Rain beat down steadily into the grey afternoon, and the windshield wipers on my dad's car hardly kept up. He was quiet, and the radio was on as he maneuvered around other cars, other parents waiting for their kids to come out of school.
The announcement had come while I was in science class, trying to wrap my mind around the intricacies of the periodic table. “I am sorry to tell you that President Kennedy has died in Dallas. Vice-President Johnson will take the oath of office in just a few minutes. That is all we know at this time,” droned our principal over the school loudspeakers.
Our class was quiet, and so was our teacher.

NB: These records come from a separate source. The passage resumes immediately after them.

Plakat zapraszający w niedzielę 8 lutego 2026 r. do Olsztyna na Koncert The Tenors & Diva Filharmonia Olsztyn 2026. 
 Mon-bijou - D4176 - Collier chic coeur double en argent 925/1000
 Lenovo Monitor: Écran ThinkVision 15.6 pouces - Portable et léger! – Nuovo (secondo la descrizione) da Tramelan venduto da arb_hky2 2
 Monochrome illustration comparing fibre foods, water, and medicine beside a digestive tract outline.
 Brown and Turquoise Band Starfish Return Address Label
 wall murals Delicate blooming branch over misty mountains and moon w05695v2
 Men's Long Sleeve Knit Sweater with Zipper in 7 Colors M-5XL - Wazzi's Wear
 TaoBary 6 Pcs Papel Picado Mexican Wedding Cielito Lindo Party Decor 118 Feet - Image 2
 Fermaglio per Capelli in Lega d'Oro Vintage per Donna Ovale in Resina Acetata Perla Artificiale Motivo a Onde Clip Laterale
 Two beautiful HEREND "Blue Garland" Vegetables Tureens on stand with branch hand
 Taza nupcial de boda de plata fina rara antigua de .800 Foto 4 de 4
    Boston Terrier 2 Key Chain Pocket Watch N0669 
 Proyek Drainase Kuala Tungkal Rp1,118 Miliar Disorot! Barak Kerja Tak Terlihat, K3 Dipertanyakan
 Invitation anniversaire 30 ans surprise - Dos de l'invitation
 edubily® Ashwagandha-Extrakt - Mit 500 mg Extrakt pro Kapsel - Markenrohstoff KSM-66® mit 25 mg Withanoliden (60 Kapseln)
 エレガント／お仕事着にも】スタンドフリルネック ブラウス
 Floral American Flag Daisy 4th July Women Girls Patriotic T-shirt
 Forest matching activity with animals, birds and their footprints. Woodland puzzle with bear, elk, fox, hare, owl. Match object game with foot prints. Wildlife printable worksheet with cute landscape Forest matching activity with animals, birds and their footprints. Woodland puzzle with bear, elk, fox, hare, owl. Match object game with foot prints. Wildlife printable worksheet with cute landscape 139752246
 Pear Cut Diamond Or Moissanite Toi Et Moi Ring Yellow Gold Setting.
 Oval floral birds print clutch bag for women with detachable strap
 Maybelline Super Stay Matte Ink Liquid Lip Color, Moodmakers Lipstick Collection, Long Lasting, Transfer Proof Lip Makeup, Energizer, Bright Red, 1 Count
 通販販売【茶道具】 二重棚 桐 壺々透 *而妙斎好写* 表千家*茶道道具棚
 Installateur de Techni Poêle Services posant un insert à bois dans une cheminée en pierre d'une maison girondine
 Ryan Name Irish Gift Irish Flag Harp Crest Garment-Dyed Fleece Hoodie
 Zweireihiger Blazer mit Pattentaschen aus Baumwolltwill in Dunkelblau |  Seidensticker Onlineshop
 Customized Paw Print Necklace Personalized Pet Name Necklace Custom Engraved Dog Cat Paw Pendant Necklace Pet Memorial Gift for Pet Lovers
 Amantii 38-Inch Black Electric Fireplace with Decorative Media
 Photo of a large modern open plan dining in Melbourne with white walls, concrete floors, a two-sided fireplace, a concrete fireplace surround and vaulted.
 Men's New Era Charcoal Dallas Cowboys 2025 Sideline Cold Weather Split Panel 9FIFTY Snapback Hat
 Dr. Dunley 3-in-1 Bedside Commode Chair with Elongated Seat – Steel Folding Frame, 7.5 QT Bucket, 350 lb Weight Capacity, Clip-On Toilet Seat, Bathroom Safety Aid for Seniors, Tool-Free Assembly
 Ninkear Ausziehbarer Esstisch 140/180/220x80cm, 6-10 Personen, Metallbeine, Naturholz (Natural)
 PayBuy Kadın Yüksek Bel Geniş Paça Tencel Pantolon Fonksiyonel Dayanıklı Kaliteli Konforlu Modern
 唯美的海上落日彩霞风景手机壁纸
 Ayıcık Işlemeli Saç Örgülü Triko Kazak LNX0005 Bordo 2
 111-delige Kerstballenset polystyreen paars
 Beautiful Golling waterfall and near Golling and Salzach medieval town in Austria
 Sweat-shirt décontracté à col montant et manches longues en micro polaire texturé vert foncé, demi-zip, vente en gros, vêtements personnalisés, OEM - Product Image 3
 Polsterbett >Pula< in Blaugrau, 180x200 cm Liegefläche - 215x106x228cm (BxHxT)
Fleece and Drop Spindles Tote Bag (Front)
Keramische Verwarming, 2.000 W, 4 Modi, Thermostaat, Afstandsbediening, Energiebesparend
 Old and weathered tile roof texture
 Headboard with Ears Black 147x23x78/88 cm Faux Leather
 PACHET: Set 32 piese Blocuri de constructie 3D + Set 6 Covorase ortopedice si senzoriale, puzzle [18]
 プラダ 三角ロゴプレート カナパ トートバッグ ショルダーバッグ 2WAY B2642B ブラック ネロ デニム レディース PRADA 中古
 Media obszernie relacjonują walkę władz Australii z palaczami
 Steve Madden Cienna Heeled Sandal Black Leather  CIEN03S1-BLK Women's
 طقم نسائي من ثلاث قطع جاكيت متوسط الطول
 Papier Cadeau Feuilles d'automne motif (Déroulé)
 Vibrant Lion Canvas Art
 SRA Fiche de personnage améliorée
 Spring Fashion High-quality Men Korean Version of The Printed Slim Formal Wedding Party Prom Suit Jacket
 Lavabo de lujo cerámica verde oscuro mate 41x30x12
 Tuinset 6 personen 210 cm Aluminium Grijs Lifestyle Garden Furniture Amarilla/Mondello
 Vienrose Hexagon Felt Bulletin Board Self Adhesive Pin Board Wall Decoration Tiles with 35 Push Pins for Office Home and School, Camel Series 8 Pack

A kind, absent-minded man, he was at a loss for words. He did not know how to explain what had just happened; he struggled to understand it himself.
The remaining 90 minutes of school passed quietly; no more work was done. We simply sat in our classes, murmuring quietly, wondering what would happen next.
The grey skies, the rain, the quiet -- it was as if we had entered a period of mourning that would not lift for a long time. There would be more assassinations, more upheaval, more tumult to come. Change that had been accumulating slowly seemed to accelerate, and afterwards, time would seem to be marked by that day, the day everything seemed to change.
But just then, getting into my dad's car where he was waiting for me, it seemed as if I had reached sanctuary. He was sad, too, and quiet. He could tell me what would happen next, how our country had provided for such dire circumstances. He could assure me that things would be OK.
He just couldn't tell me why someone would want to assassinate the President.